After months of speculation and wondering, ABC’s “V” debuts tonight at 8 p.m. EST.
The series, which will air the first four episodes in November and then nine more next year, is a re-telling of the classic mini-series in which aliens come to Earth, at first appearing benevolent but hiding a darker agenda.
Actor Scott Wolf is one of the Earthlings who will find himself uniquely challenged by the Visitors. Wolf plays journalist Chad Decker who is given a unique choice–become a spokesperson for the Visitors and possibly have his career and life put on a fast track to fame and fortune or follow a code of journalist integrity.
“He’s a successful guy but he’s not attainted the level of success he believes he deserves and he’s looking for that opportunity,” Wolf tells UGO. “He finds it through Anna, the leader of the Visitors and she puts him in a position where I think she has chosen him because she sees him as somebody who is effective enough at what he does but is also vulnerable because of his own ambition. And I think she believes that she’ll be able to do and say whatever she wants to do through Chad. And round one does go to Anna, she puts him in a position where at the last moment he has a choice to make between giving up the opportunity of his lifetime or playing by her rules and compromising. ”
Wolf says that he the original mini-series was one of the defining shows of the 1980’s and one of those events that kids “begged their parents to be allowed to stay up and watch.”
When he found out he was going to be on the show, Wolf looked at clips on YouTube to get ready for the new version. And while both shows share the same starting point, Wolf says that the new version is different from the original becuase the series format allows for the story to unfold more in chapters.

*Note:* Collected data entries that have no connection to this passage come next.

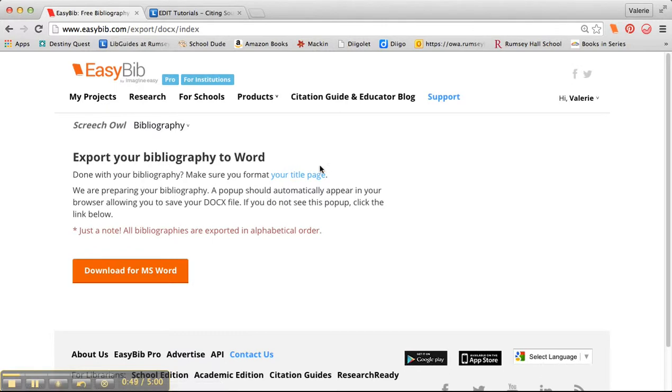Now this is a new feature. If you're done with your bibliography and I am, it says make sure you format your title page and it will walk you right through formatting your title page. So we're going to do that right now. I'm going to click on that link.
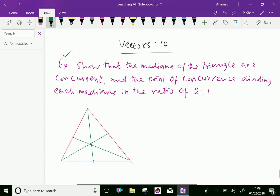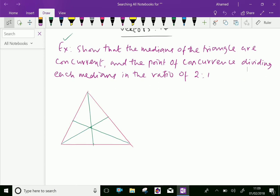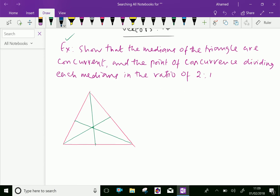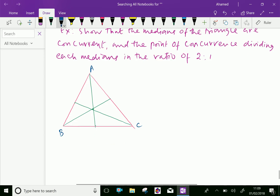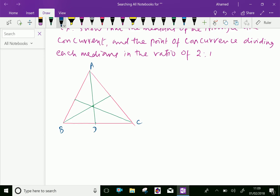Look at this figure. A triangle A, B, C is given. Here the lines AD, BE, and CF are medians of the triangle. Let those medians meet at the point — let it be the point G.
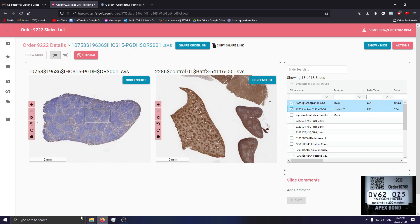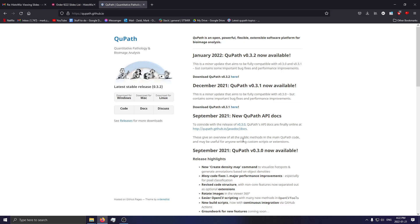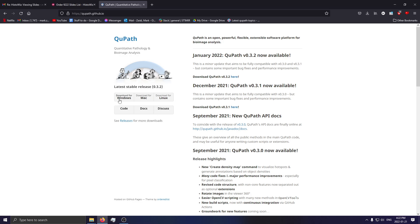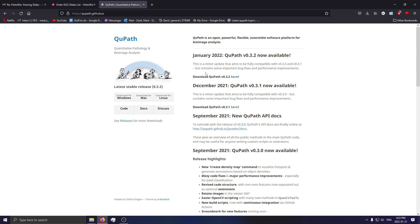After that, you will want to download and install QuPath. It's supported for Windows, Mac, and Linux. Just download the latest version and follow the installation instructions listed for each. Once QuPath is installed, the buttons and tools should be very similar regardless of what platform you use. Right now I'm using Windows 10, but if you have a Mac, it's going to be no problem at all.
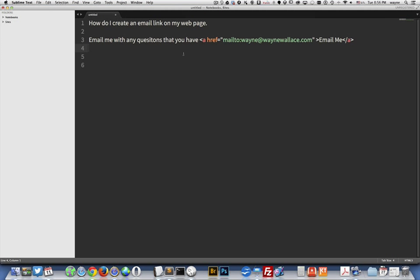So here's an example of what you would put in your web page. It may say something like this: Email me with any questions that you have.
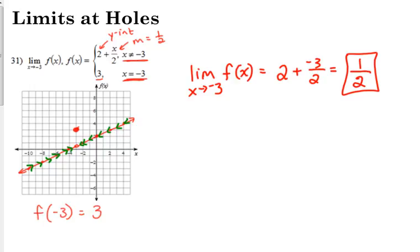It's counterintuitive. When you see these where there's an x equals and an x is not equal to, you plug that number into the not-equal-to piece, because that's what the function looks like everywhere except at that point. That's where you're headed — at the very last second it jumps up to that other point. So we're approaching one half as we get closer and closer to negative 3, and then it jumps up to positive 3. The limit is one half.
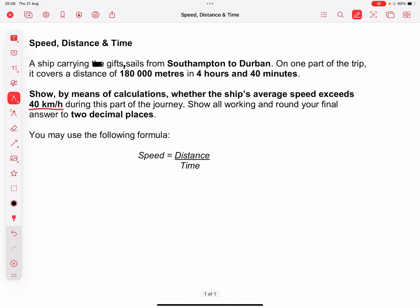Hello and welcome to my channel. Today I'm going to be going through a question on speed, distance and time. The question reads: a ship carrying gifts sails from Southampton to Durban. On one part of the trip it...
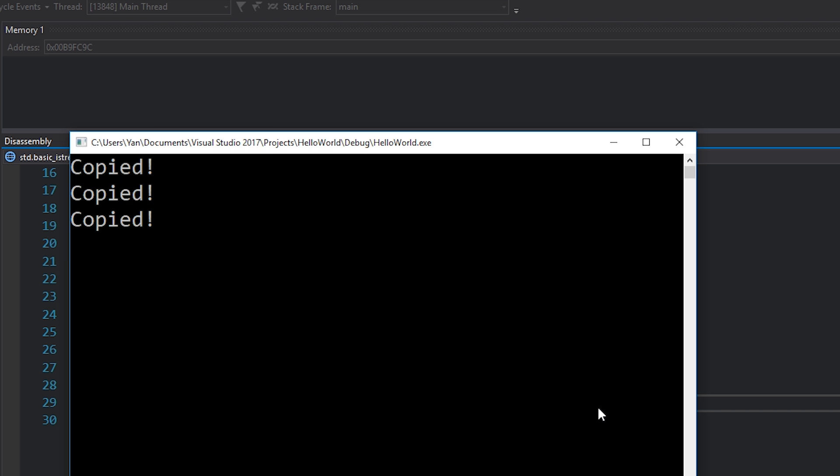Look at that. Three copies instead of six. That's half as many copies. And of course, this kind of goes up exponentially. If we add 10, that's going to be a lot more copies. So we've saved a great deal of copies already. So this is great, but we can do better.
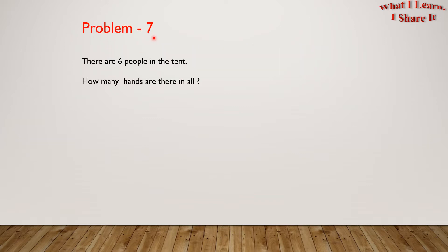Problem 7. There are 6 people in the tent. How many hands are there in all?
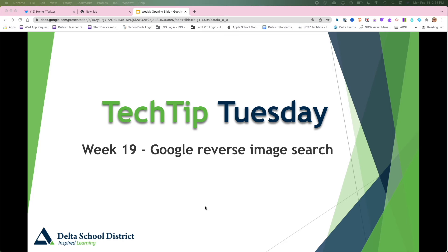Welcome to this week's tech tip. This week we're going to look at Google reverse image search.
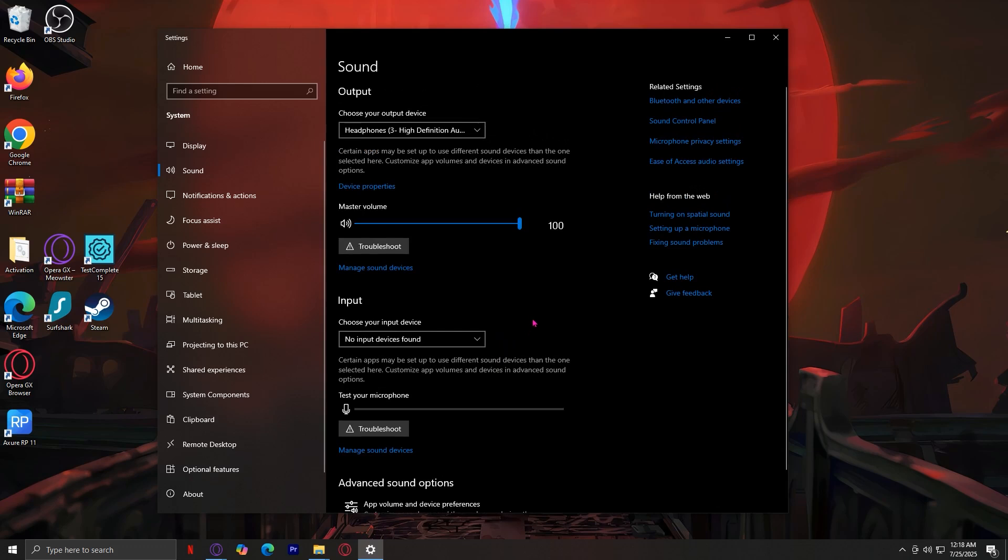Those are the two best ways to check and make sure that Peek can pick up your voice in your microphone or any other game.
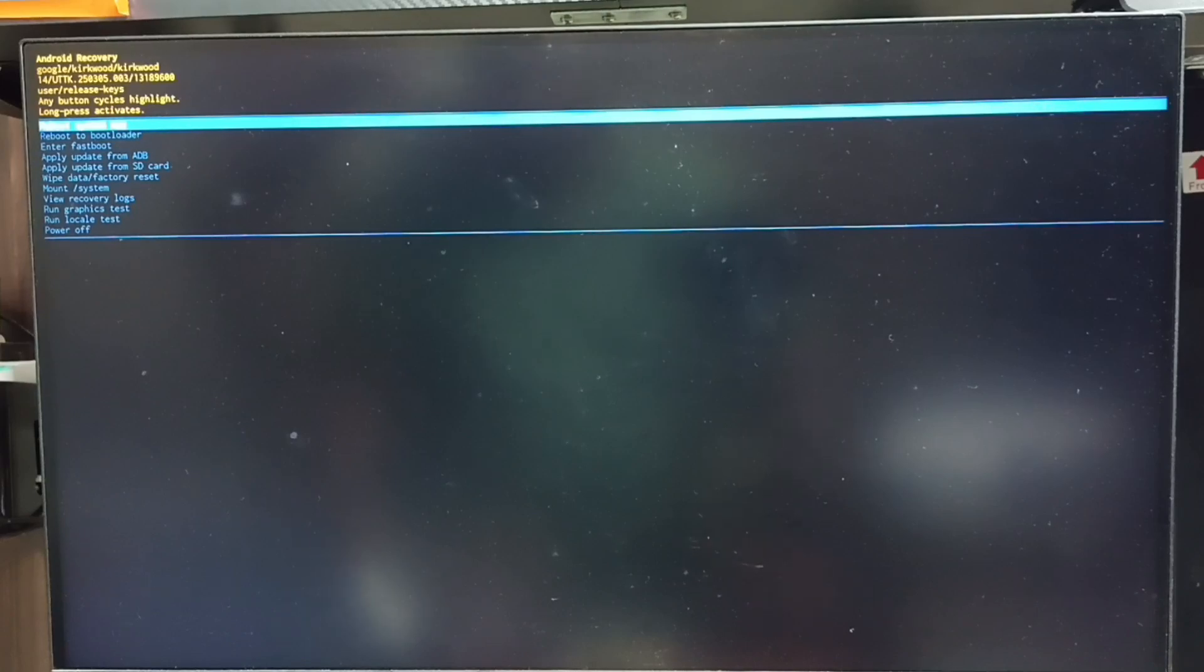Hi friends, this video shows how to hard reset using Android recovery menu. First we need to unplug the power cord from the TV.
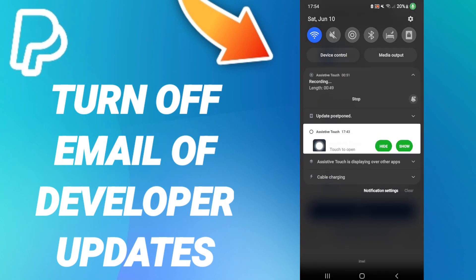So please don't forget to support us by like and subscribe. See you next time in another video, and thank you for watching.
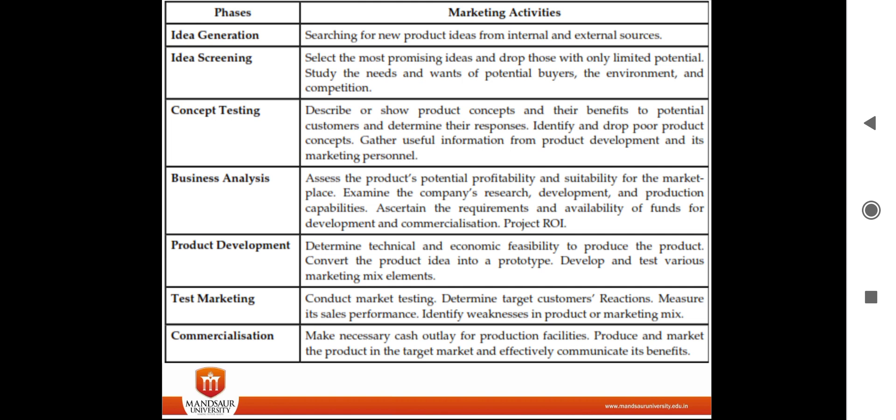Test marketing is the second-to-last stage. After development of the product, we have to conduct market testing — determining target customers' reactions, measuring sales performance, and identifying weaknesses in the product or marketing.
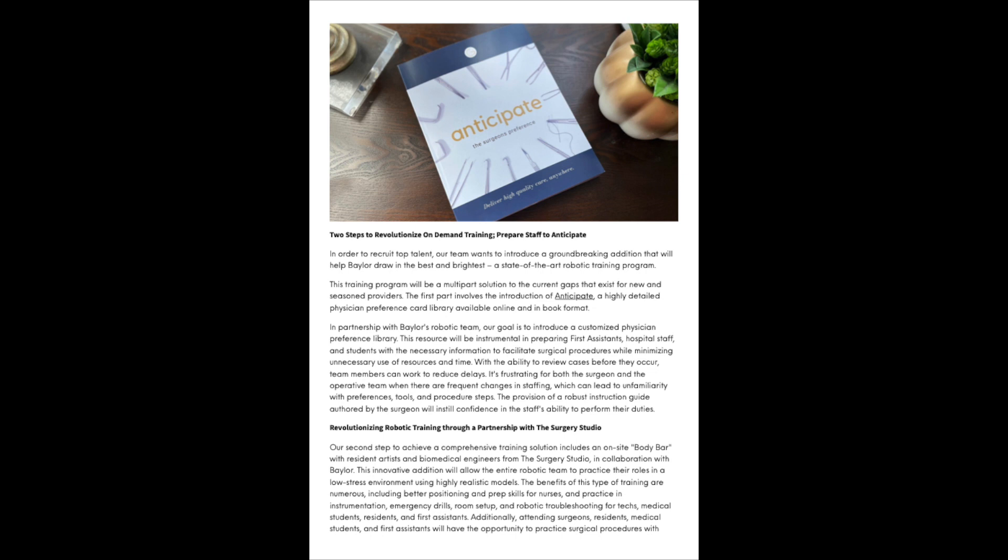The first part involves the introduction of Anticipate, a highly detailed physician preference card library available online and in book format. In partnership with Baylor's robotic team, our goal is to introduce a customized physician preference library. This resource will be instrumental in preparing first assistants, hospital staff, and students with the necessary information to facilitate surgical procedures while minimizing unnecessary use of resources and time.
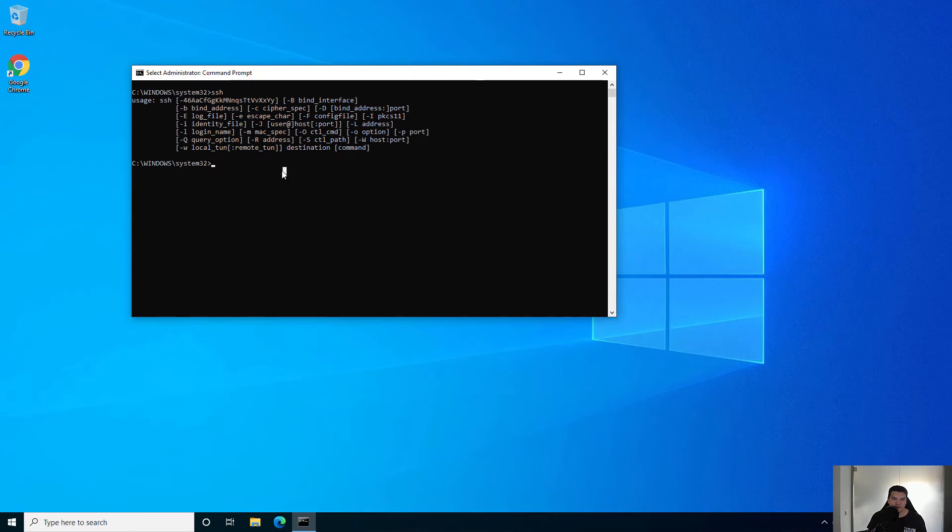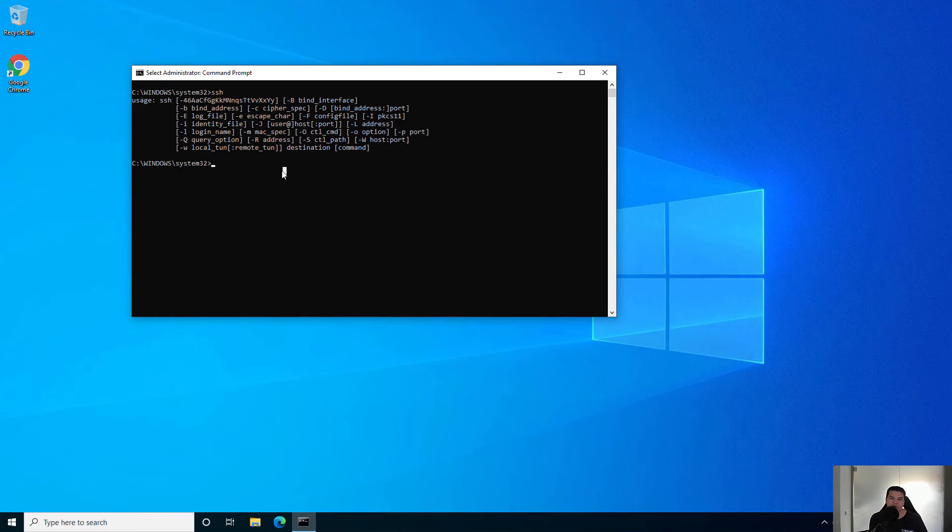From here use the commands that you normally use with PuTTY or any other application. That's it, thanks for watching.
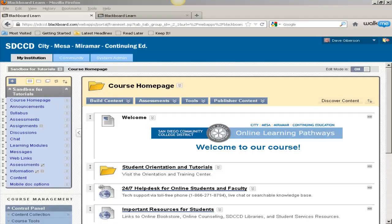In this video, we'll look at the totally redesigned calendar in Blackboard Learn 9.1 Service Pack 10.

“One of the things that I really wanted to make clear and I think it’s really important for people who are gonna watch our show to know, is that from the outset the intent was to program this show, broadcast this show in a unique way,” he said. ” It is a huge story. It’s literally about an event, aliens arriving on Earth, that affects every single person on the planet.
“So this is the kind of story that needs to be told at a great pace and with huge stories. I think all the people at the studio and the network knew that the best way to do it was in installments and tell the story in chapters,” he continued. ” So they’re being true to what they set out to do. I think it’s important for people to know that this isn’t a conventional series that is being broken apart, that the intention was to air it in chapters and blast people with an incredible story for a window and then give them a chance to catch their breath and come back at ’em again.”
“V” begins tonight on ABC.

Wow. No place to vent our frustrations about how lacking this new show was! I’ll do it here.
I actually sat through the V mini series on SyFy this weekend. Cheese and all, it was 10 TIMES better than this excuse for a show. Talk about wasting viewers time, and trying to re-capture an audience from 25 years ago!
The setup or setting is fine, special effects are great, but hello???? Is there going to be a story? A Plot? Characters? Those things are required! They jumped through the whole first 2 hours of the original in like 10 minutes. No Development, just plop these people down into a situation and hope the viewers catch on.
Don’t get me wrong, the actors are great, Morena Baccarin is incredible. She’s smart, gorgeous, and convincing. But the material she has to work with is awful. It looks to me like they tried to correct all the cheese from the original, and forgot to bring the plot and characters along with it. Tragic!!!!! I was looking forward to this, give it to Ron Moore, he’ll save it!
I have to agree. It didn’t outright suck but they didn’t even attempt to drag out our discovery of the V’s true intent. Granted most of us know where it’s going to end up and maybe that’s why they decided to just get it all out in the first episode but I would have enjoyed it being strung out just the same.
After being teased along with shows like Fringe and Flash Forward I felt like V was just shoving it down our throats as fast as we could swallow. A longer pilot would have helped.
I saw it and I was riveted. I haven’t seen the original (I was 4 when it was aired), so I can’t draw comparisons, but I found the story compelling. The characters (from first glance) were interesting or at least show hints of more than two dimensions, and they’ve pretty well set up the premise of the show. My only complaint is that the bit at the end was a little “info-dumpy”, but I like that they put all the cards on the viewers’ table and I can’t wait to see where it goes.